##### MATERIAL PROVIDED

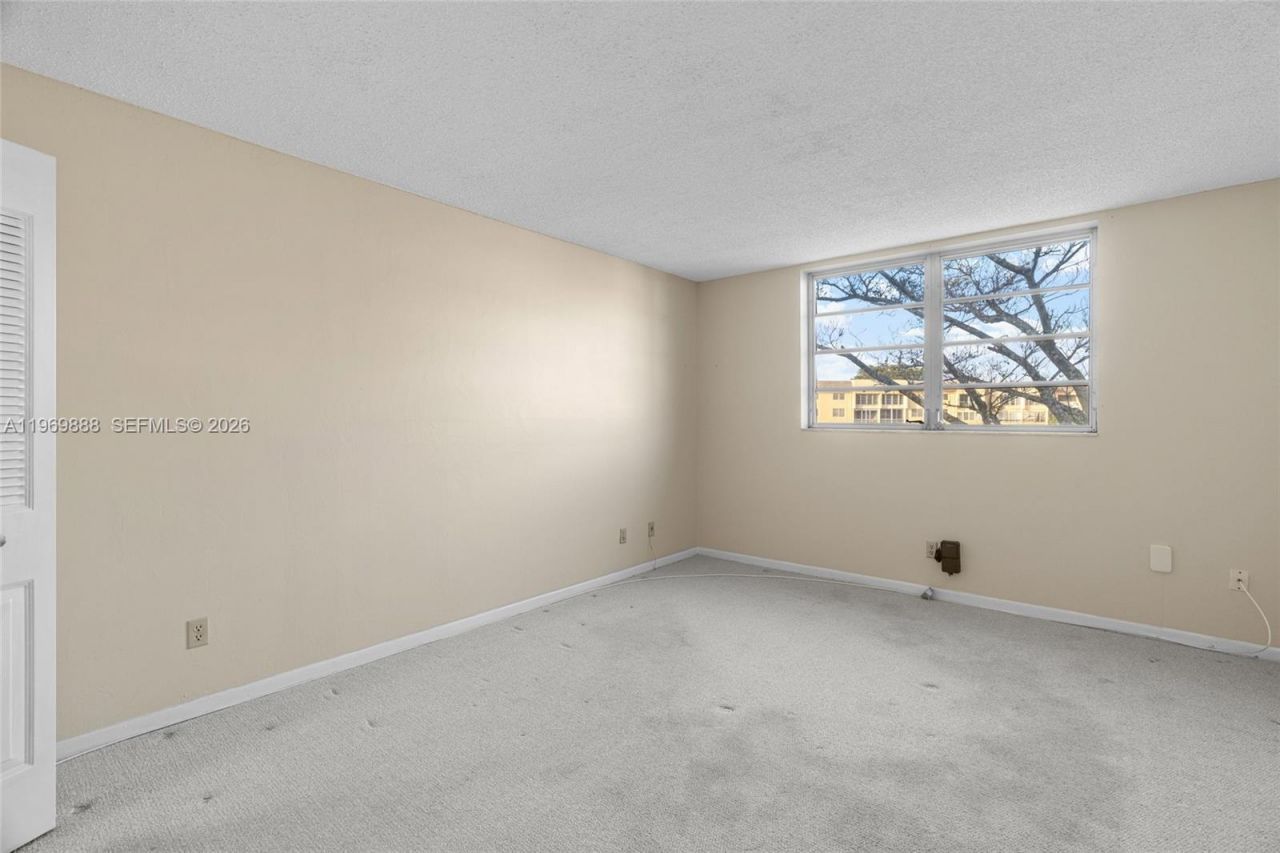5851 NW 62nd Ave, Unit 210, Tamarac, FL 33319 Photo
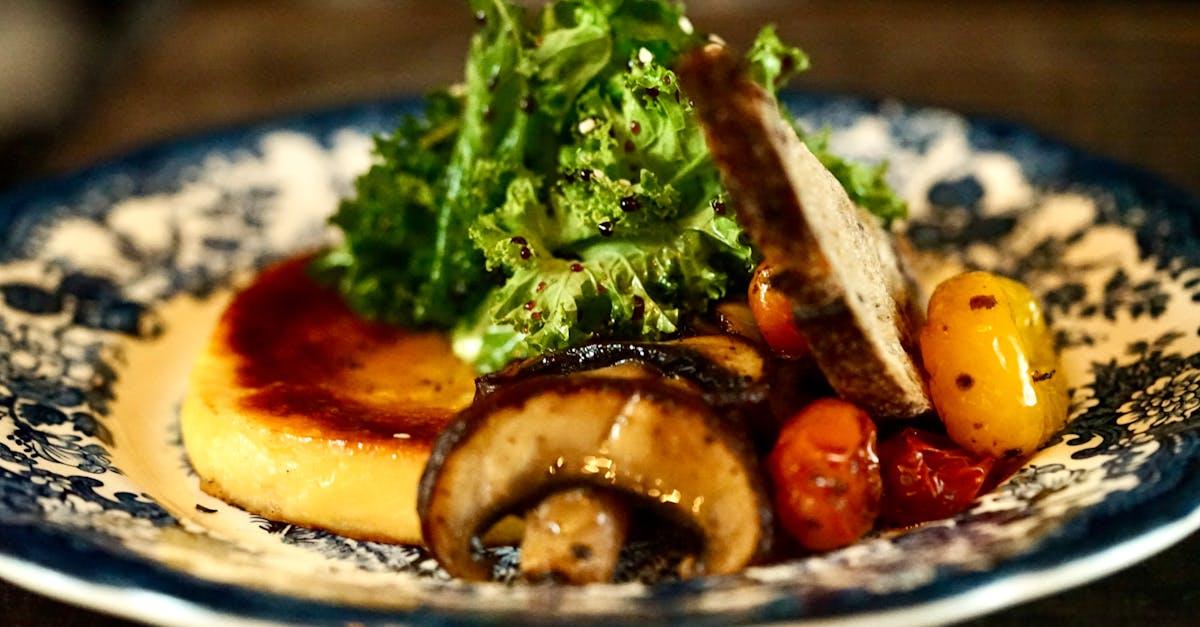 découvrez la polenta, un plat savoureux à base de semoule de maïs, idéal pour accompagner vos plats préférés ou comme base pour des recettes créatives. apprenez à la préparer facilement et à l'incorporer dans vos repas pour un goût authentique.
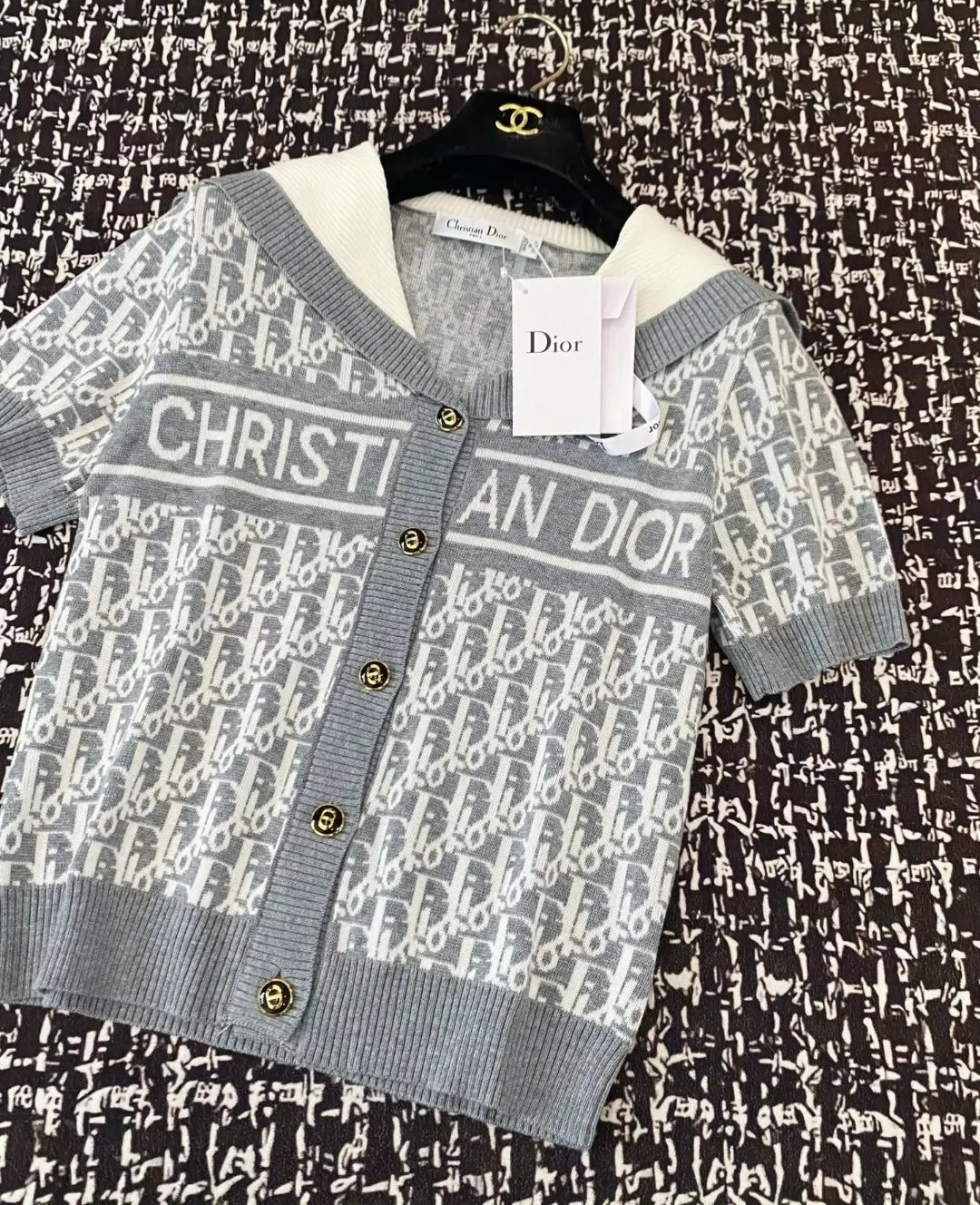 D 25 New Color Block Letter Single Breasted Navy Neck Short Sleeve Knit Top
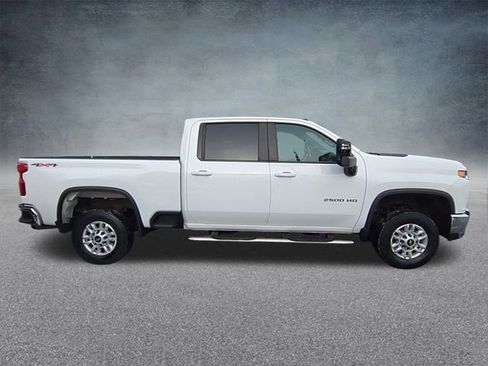 Certified 2022 Chevrolet Silverado 2500 LT w/ Snow Plow Prep/Camper Package image 10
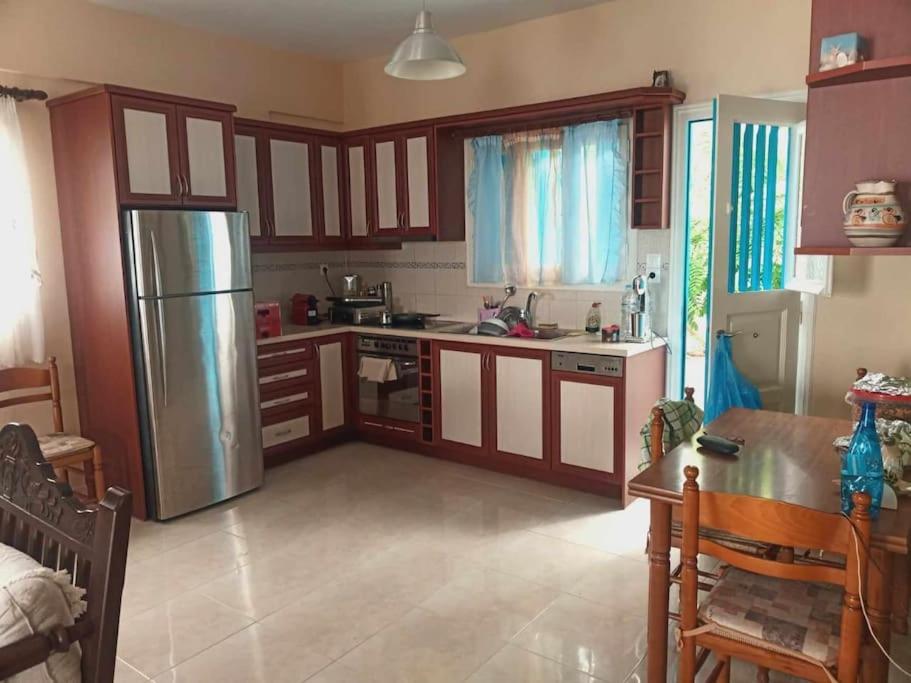 Three-Bedroom Villa photo 3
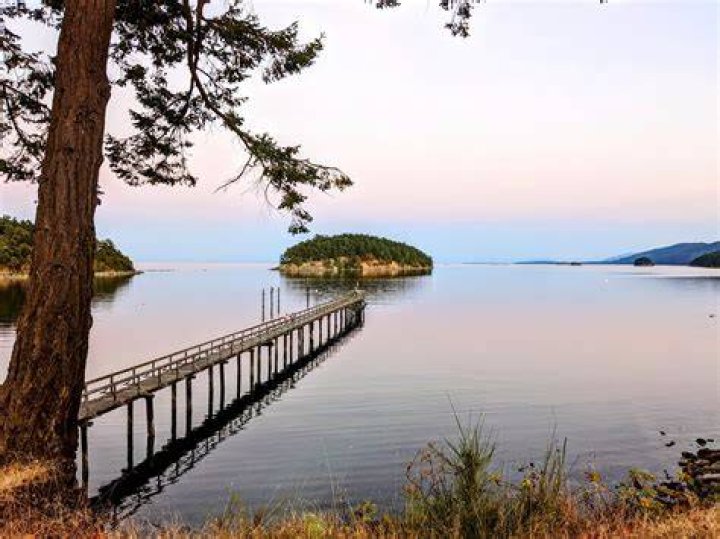How do you get to Mayne Island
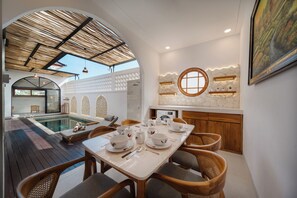 Ảnh chưa phân loại, 5 trong số 24 ảnh, nút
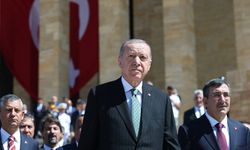 Alışkanlık oldu; Anıtkabir'de yine Erdoğan sloganları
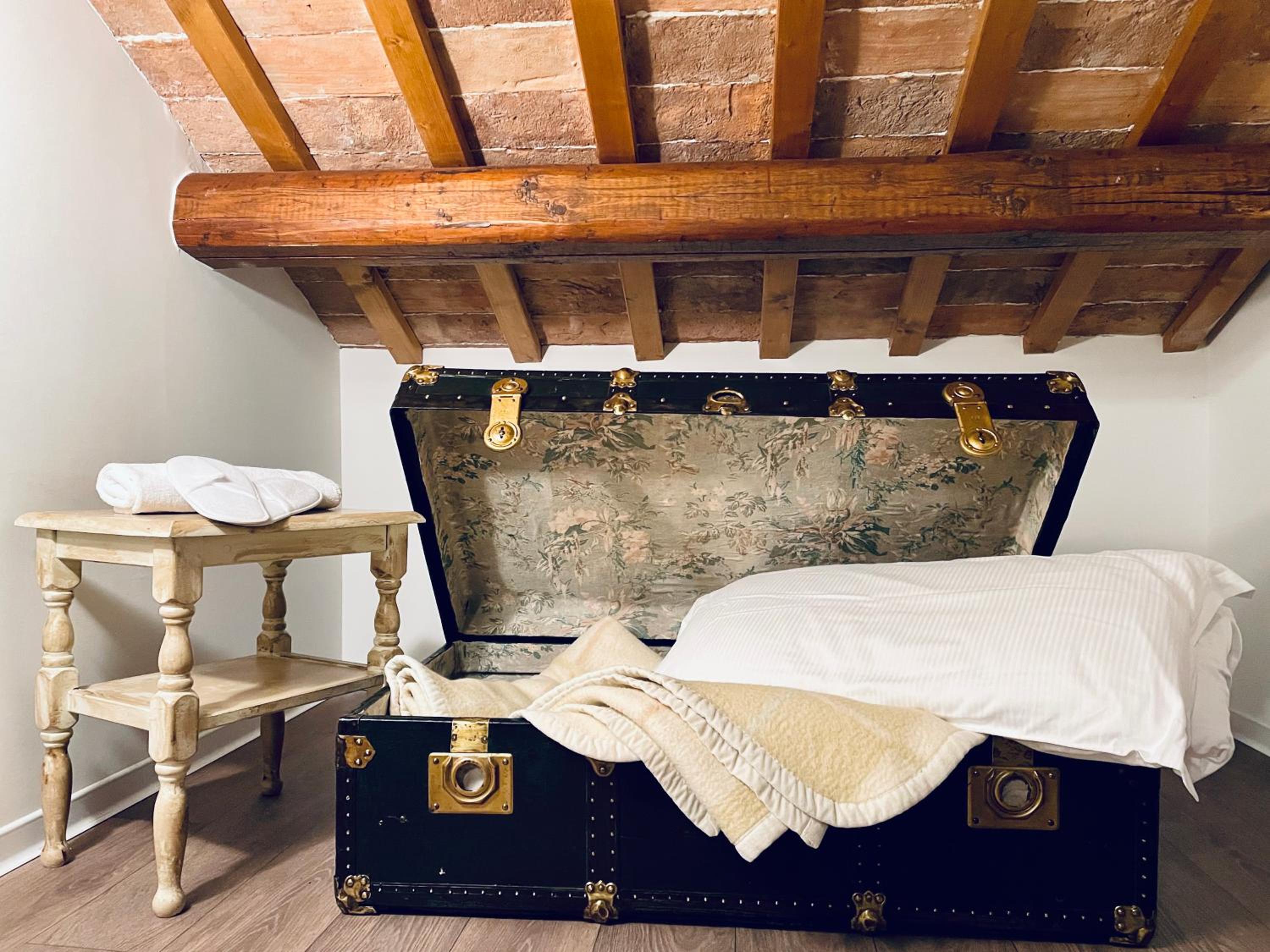 Standard King Room - Photo 10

##########

◆ PROBLEM REQUIREMENTS
The preceding listing is to be restated word for word, with every picture omitted.

◆ EXERCISE ANSWER
5851 NW 62nd Ave, Unit 210, Tamarac, FL 33319 Photo
 découvrez la polenta, un plat savoureux à base de semoule de maïs, idéal pour accompagner vos plats préférés ou comme base pour des recettes créatives. apprenez à la préparer facilement et à l'incorporer dans vos repas pour un goût authentique.
 D 25 New Color Block Letter Single Breasted Navy Neck Short Sleeve Knit Top
 Certified 2022 Chevrolet Silverado 2500 LT w/ Snow Plow Prep/Camper Package image 10
 Three-Bedroom Villa photo 3
How do you get to Mayne Island
 Ảnh chưa phân loại, 5 trong số 24 ảnh, nút
 Alışkanlık oldu; Anıtkabir'de yine Erdoğan sloganları
 Standard King Room - Photo 10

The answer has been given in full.